The data:

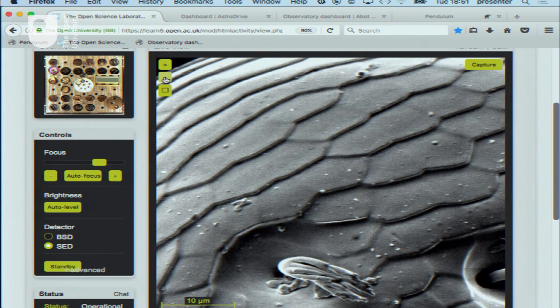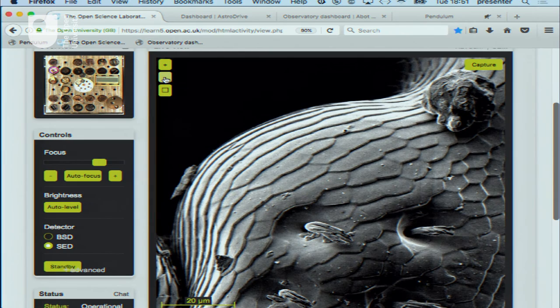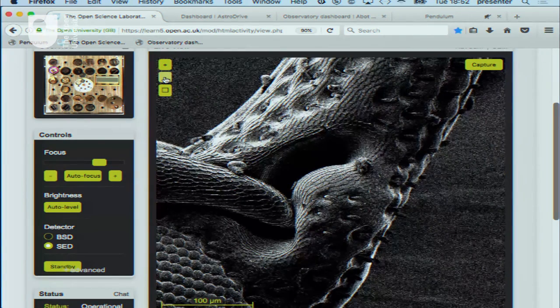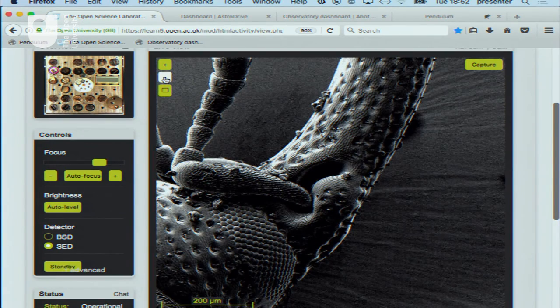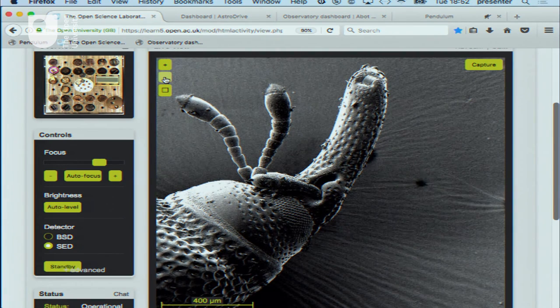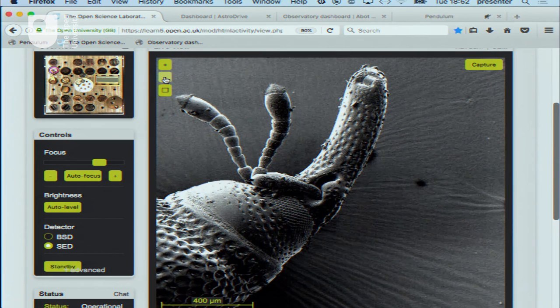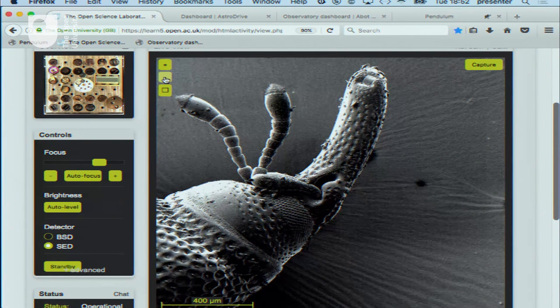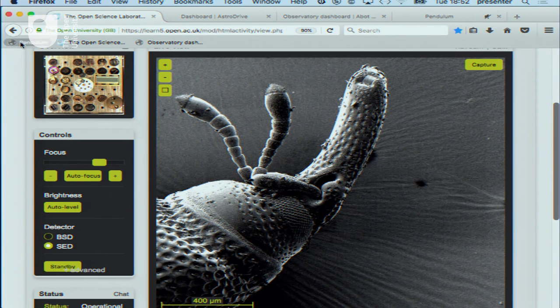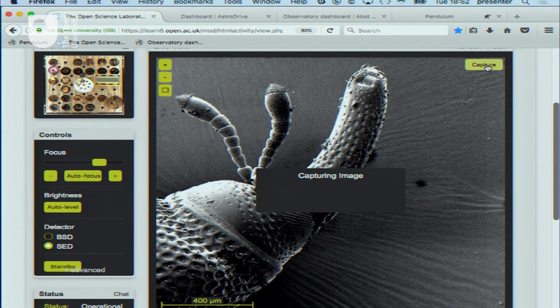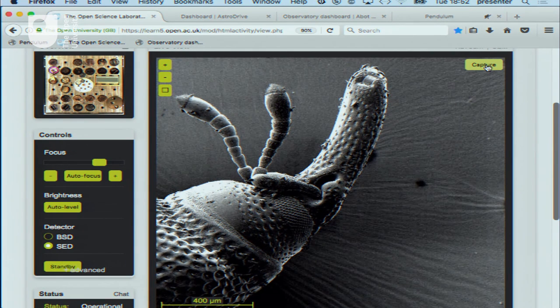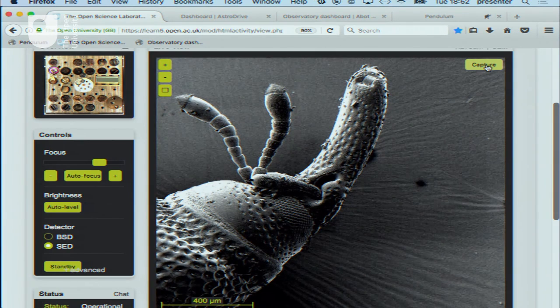The live image, initially appearing as a horrendous material, is revealed as the front end of a rice weevil - something guaranteed to excite a crowd. The interface allows changing focus, collecting levels, and capturing images that are stored on the user's computer and can be used in student reports. Even a simple opportunity to see something exciting up close, like a creepy crawly, is a fantastic opportunity for student engagement.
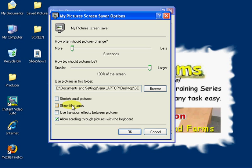I didn't name the pictures by changing the file names, so I'm not going to show file names. I'm not going to use transition effects between pictures because they use a lot of memory, but you can play with that at your leisure.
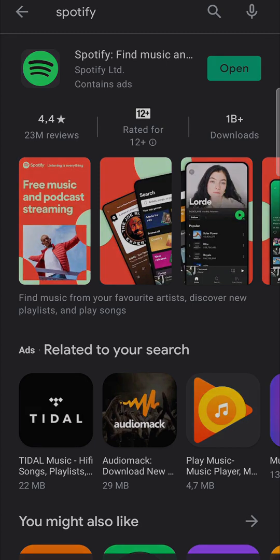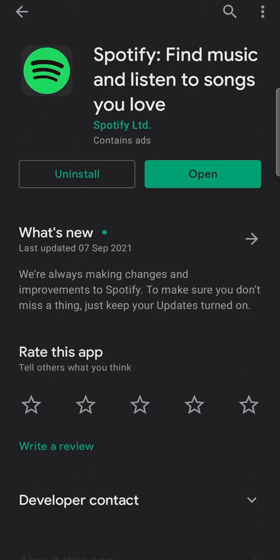It'll find the app and then you want to tap on it. Now it says uninstall and open, but if there is an update available for your Spotify app — and they do updates very frequently — you will see it says update there instead of open. All you need to do is tap on the update button. That will begin downloading the update, it will install automatically, and then you'll have the latest version of the Spotify app.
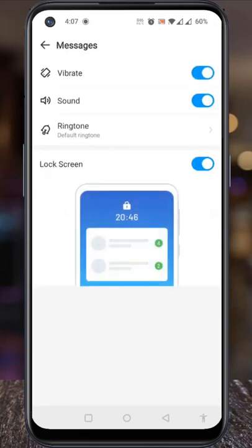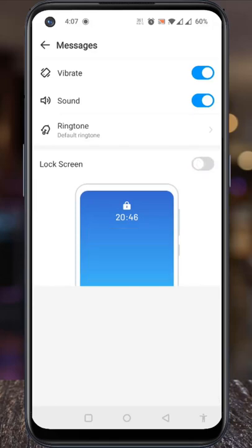Here you will find lock screen, which is turned on by default. Simply toggle the slider to turn it off. From now on, you won't see the incoming notifications on your lock screen.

What you are asked to do:
Could you print the whole listing again, exactly, leaving the pictures out?

Expected output:
The live image, initially appearing as a horrendous material, is revealed as the front end of a rice weevil - something guaranteed to excite a crowd. The interface allows changing focus, collecting levels, and capturing images that are stored on the user's computer and can be used in student reports. Even a simple opportunity to see something exciting up close, like a creepy crawly, is a fantastic opportunity for student engagement.
I didn't name the pictures by changing the file names, so I'm not going to show file names. I'm not going to use transition effects between pictures because they use a lot of memory, but you can play with that at your leisure.
It'll find the app and then you want to tap on it. Now it says uninstall and open, but if there is an update available for your Spotify app — and they do updates very frequently — you will see it says update there instead of open. All you need to do is tap on the update button. That will begin downloading the update, it will install automatically, and then you'll have the latest version of the Spotify app.
Here you will find lock screen, which is turned on by default. Simply toggle the slider to turn it off. From now on, you won't see the incoming notifications on your lock screen.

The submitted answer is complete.